__Data shown__.
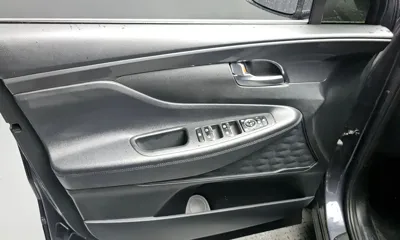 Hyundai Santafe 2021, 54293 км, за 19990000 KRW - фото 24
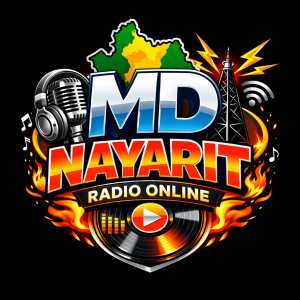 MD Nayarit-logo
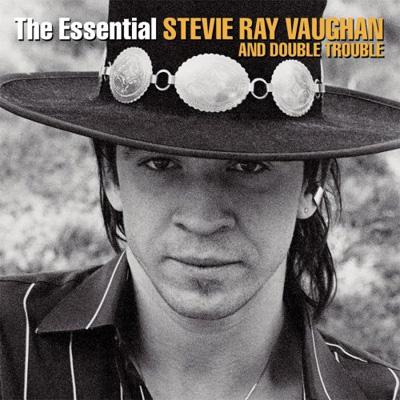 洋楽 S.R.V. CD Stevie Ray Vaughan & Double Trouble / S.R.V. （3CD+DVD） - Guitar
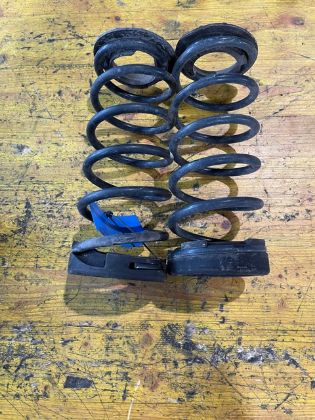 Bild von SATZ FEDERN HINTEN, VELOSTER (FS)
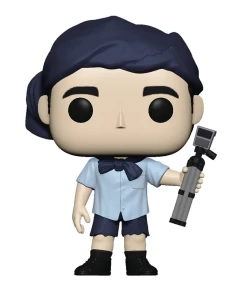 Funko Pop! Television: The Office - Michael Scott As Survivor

__Assignment__. An exact reproduction of the material is needed, without its images.

__Finished exercise__.
 Hyundai Santafe 2021, 54293 км, за 19990000 KRW - фото 24
 MD Nayarit-logo
 洋楽 S.R.V. CD Stevie Ray Vaughan & Double Trouble / S.R.V. （3CD+DVD） - Guitar
 Bild von SATZ FEDERN HINTEN, VELOSTER (FS)
 Funko Pop! Television: The Office - Michael Scott As Survivor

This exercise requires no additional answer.